◆ WORK TO COMPLETE
Word for word, retype the lines from the one containing "A former petrol" to the one containing "Living Room in" below, keeping both end lines and dropping the pictures.

◆ ENTRIES PROVIDED
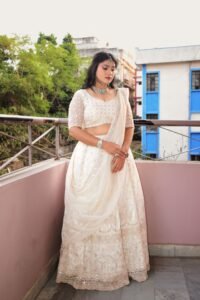 Woman wearing traditional Indian lehenga on a balcony with urban backdrop.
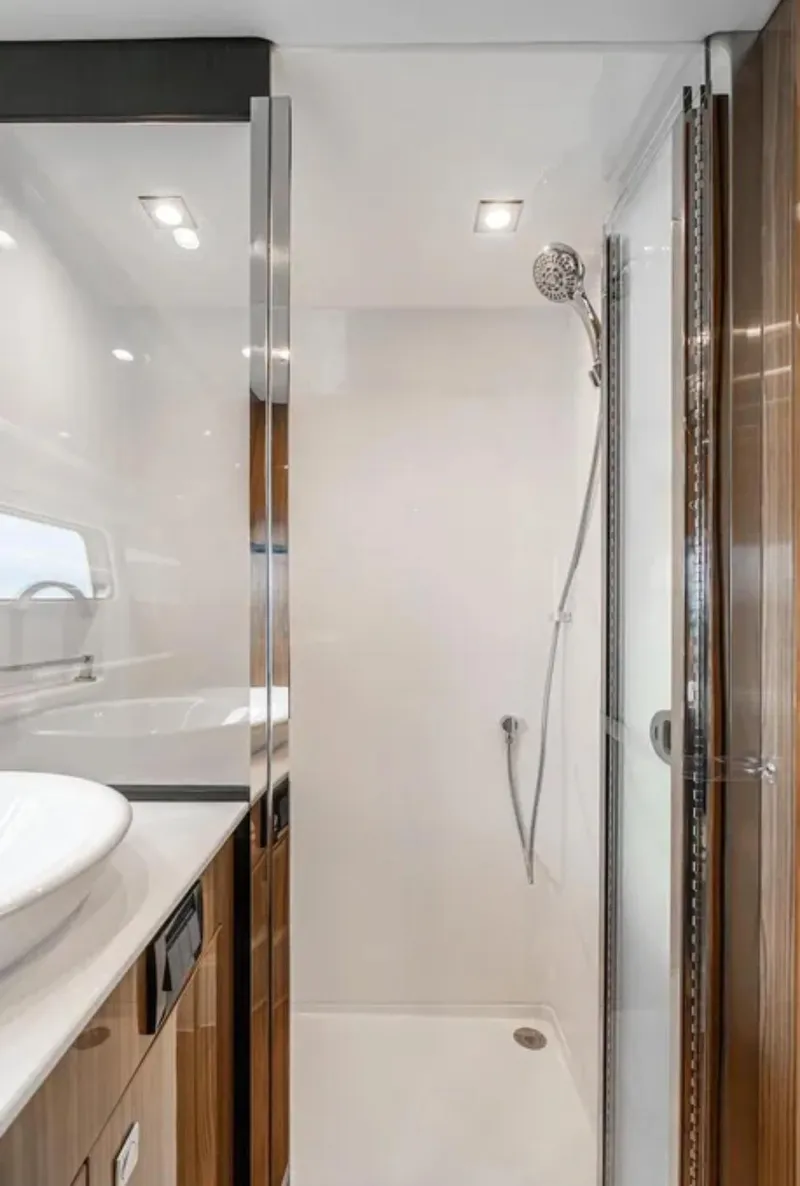 Slide: The Image of Luxurious bathroom in 2025 Cruisers Yachts 50 GLS with modern shower design. - 39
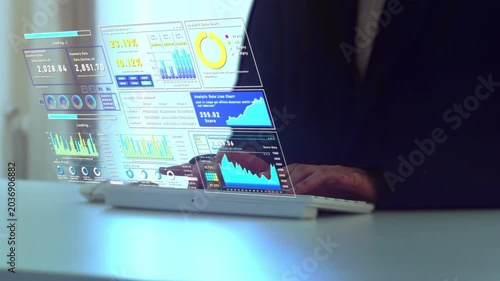 Business employee typing on a keyboard while interacting with a futuristic hologram dashboard displaying analytics charts, financial metrics, and real-time business intelligence for digital transforma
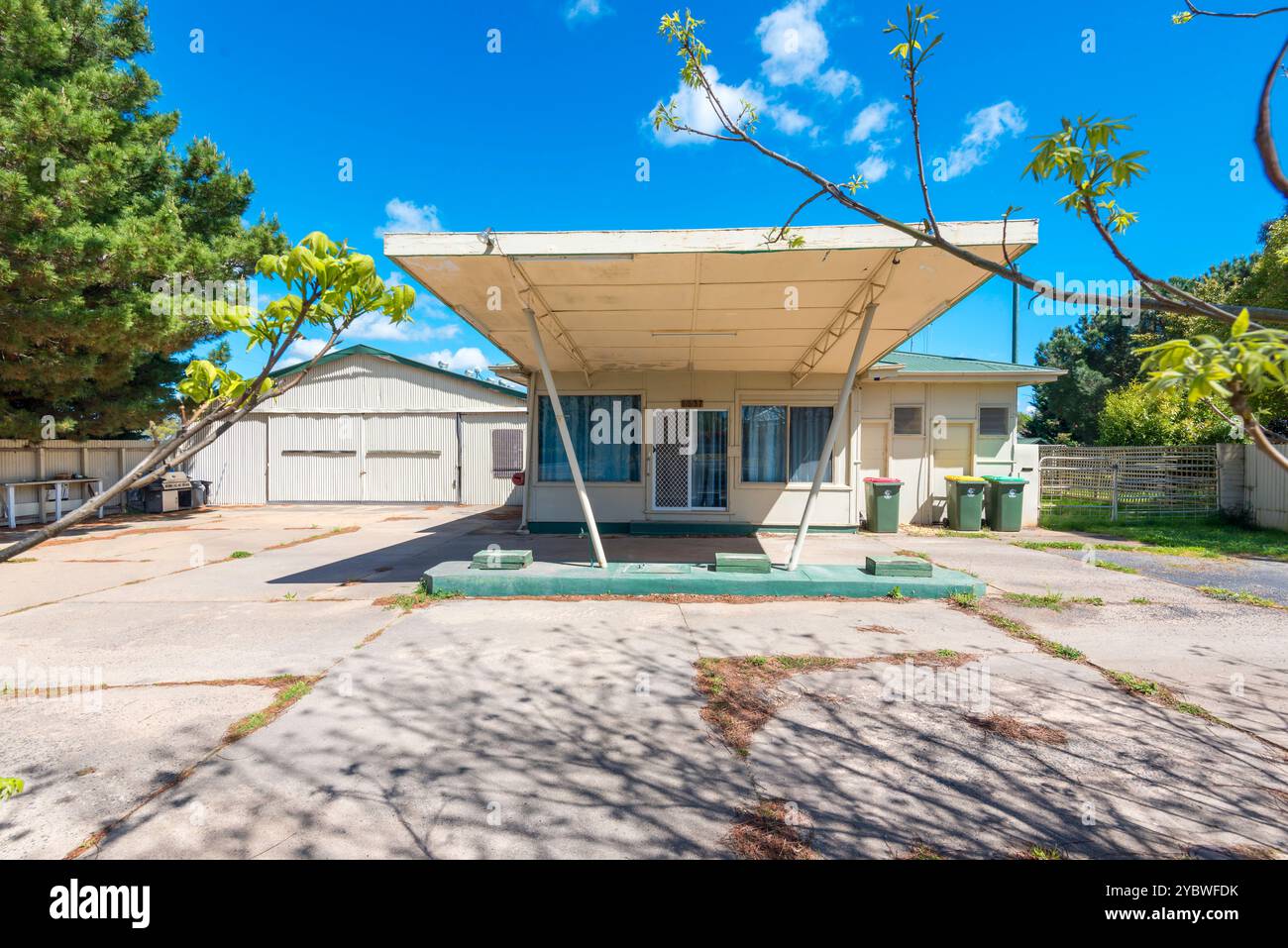 A former petrol or service station with its trademark large awning, now used as a family home in central western New South Wales, Australia Stock Photo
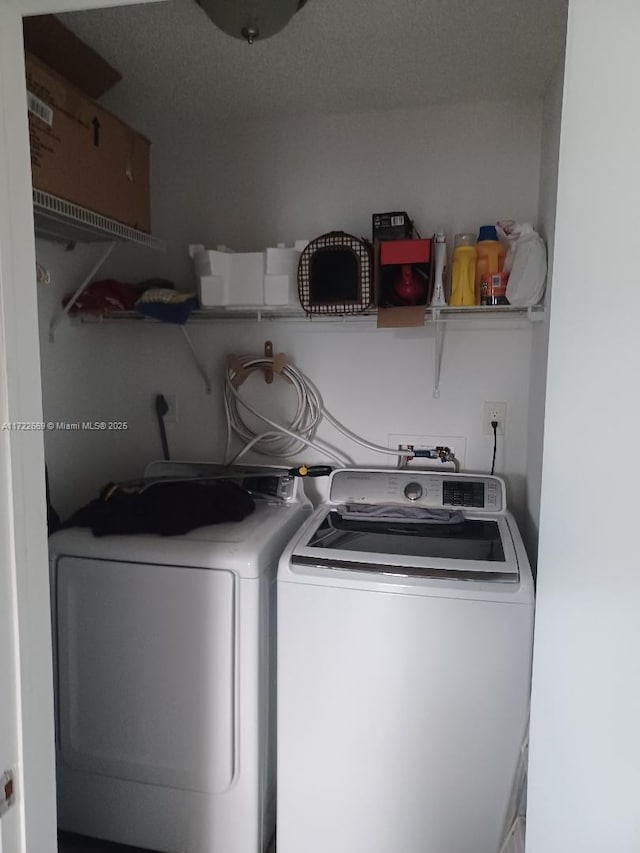 laundry room featuring washing machine and dryer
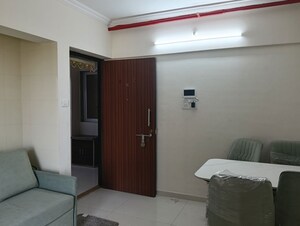 Living Room in 1 BHK Apartment at Raunak Bliss, Ghodbunder Road – for Rent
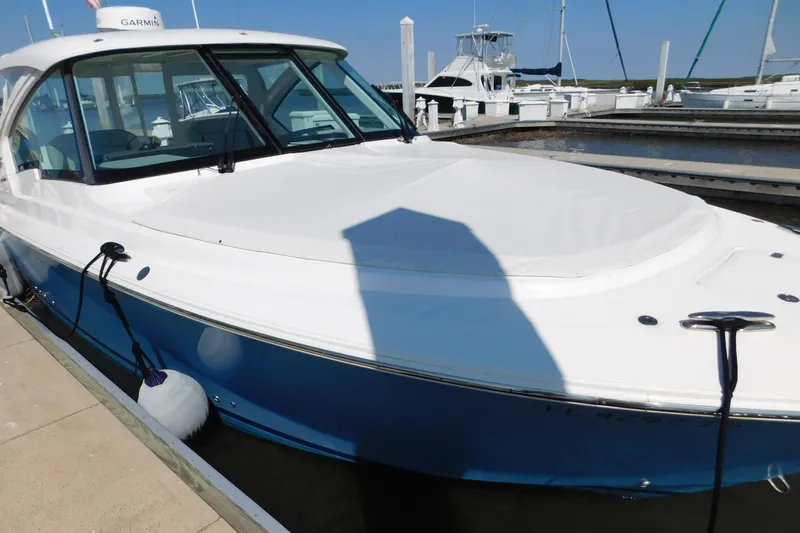 Slide: The Image of 2024 Pursuit DC 326 Dual Console boat docked at marina, featuring sleek design. - 97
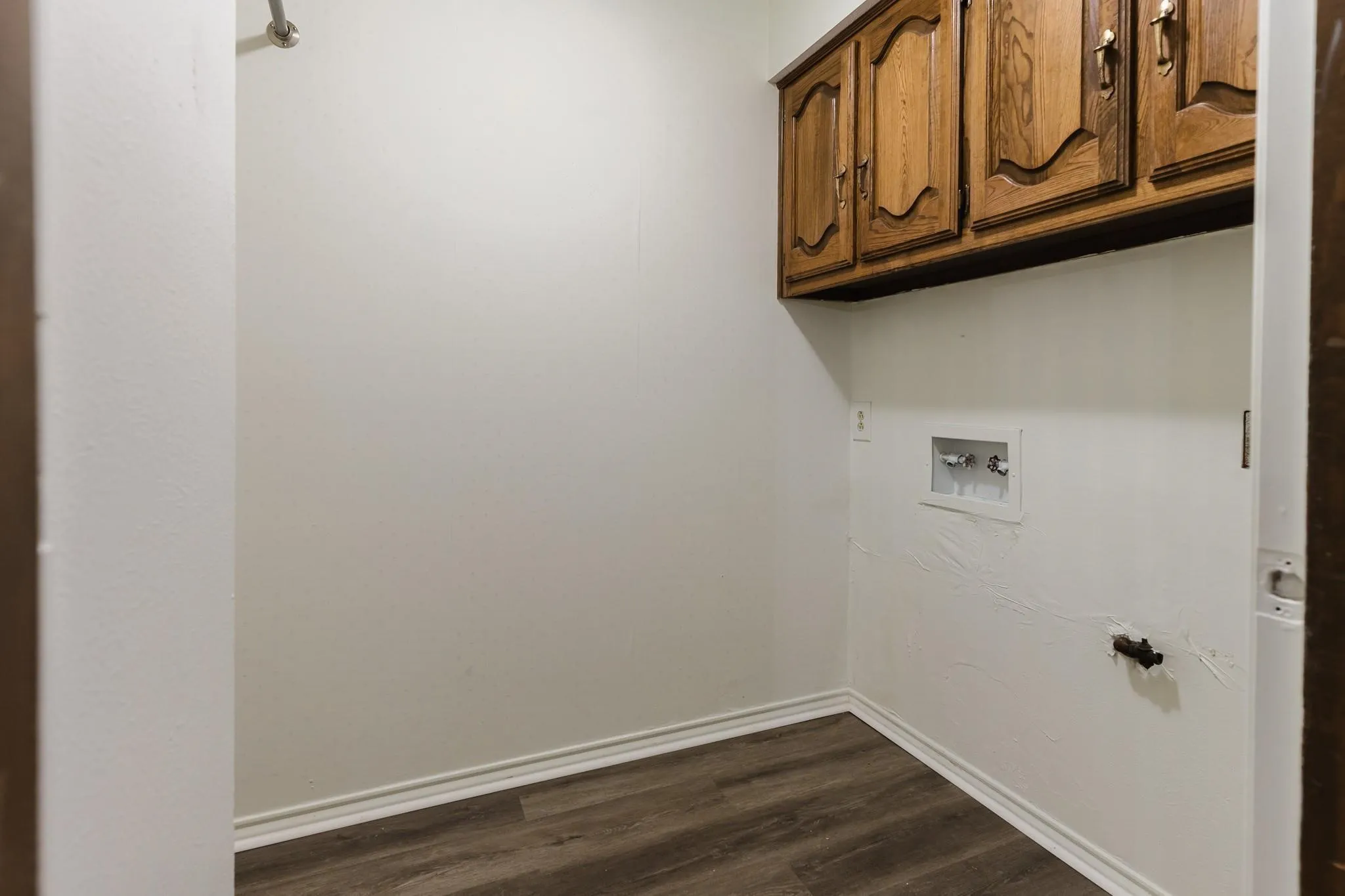 Wood-finish flooring, white walls, and built-in wood-finish cabinetry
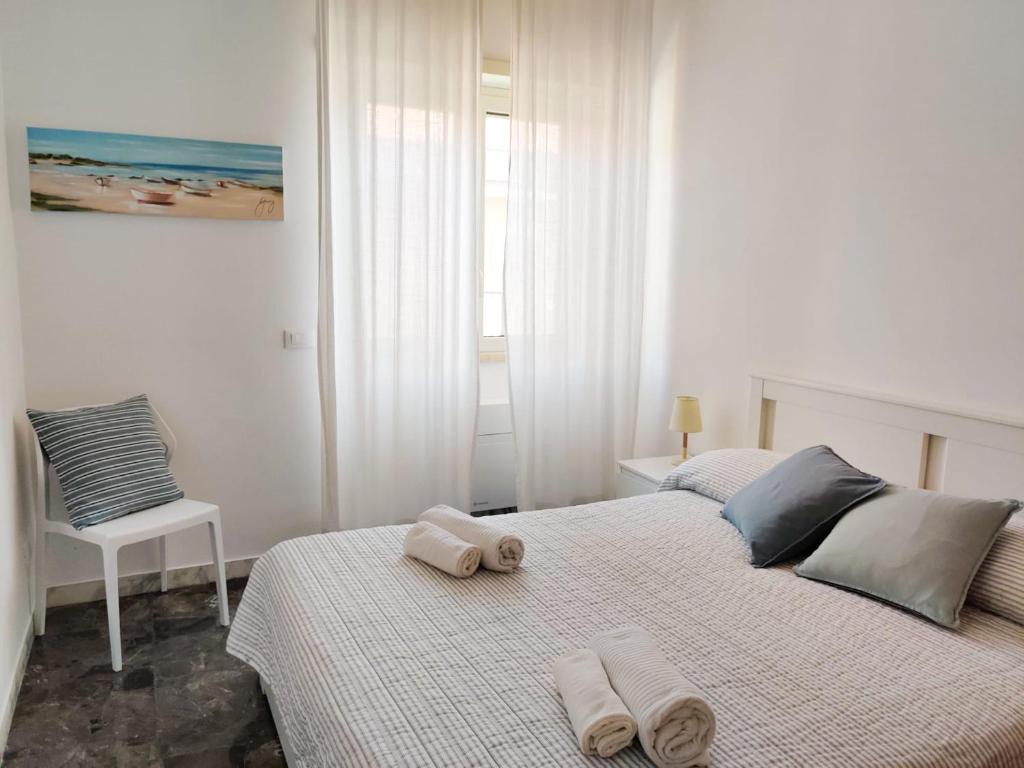 A bed or beds in a room at Casa Atena
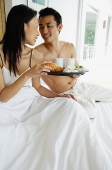 Couple having breakfast in bed, man holding tray - Asia Images Group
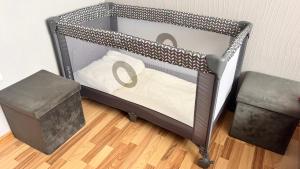a metal bunk bed in a room with a wooden floor at Baltijos 12b Apartamentai in Klaipėda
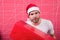 Man attractive santa claus carry big box. Christmas gift exchange. Christmas holiday celebration. Man handsome unshaven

◆ RESPONSE FOR THIS EXERCISE
 A former petrol or service station with its trademark large awning, now used as a family home in central western New South Wales, Australia Stock Photo
 laundry room featuring washing machine and dryer
 Living Room in 1 BHK Apartment at Raunak Bliss, Ghodbunder Road – for Rent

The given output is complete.